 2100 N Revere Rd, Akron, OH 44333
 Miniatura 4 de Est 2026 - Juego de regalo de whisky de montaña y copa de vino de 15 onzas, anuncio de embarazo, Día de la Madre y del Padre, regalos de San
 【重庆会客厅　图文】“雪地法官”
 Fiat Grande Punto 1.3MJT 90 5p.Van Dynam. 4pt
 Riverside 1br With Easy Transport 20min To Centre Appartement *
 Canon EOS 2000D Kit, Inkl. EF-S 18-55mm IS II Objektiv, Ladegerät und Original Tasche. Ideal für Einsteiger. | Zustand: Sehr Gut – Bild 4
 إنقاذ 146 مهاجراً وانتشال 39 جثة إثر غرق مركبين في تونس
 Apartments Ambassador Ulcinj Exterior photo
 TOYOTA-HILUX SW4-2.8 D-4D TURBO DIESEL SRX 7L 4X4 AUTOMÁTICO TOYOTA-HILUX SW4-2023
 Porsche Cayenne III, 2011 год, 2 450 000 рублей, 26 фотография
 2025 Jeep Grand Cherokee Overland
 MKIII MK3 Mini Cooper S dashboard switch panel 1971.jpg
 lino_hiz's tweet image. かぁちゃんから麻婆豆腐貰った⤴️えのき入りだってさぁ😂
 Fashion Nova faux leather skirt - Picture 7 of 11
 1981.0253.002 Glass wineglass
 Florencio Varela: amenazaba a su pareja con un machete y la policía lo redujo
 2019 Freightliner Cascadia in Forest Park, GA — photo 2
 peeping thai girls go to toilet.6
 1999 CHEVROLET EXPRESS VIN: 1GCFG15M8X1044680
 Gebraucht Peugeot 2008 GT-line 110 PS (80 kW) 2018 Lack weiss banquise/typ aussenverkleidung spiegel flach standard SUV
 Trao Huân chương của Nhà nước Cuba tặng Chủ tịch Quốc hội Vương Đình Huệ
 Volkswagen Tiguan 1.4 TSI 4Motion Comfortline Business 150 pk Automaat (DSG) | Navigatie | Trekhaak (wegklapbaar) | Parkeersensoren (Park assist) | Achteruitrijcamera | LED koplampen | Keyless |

++++++

Exercise details — If a line in the records holds the string "photo", count it, and give only the total.

Answer to this exercise — 2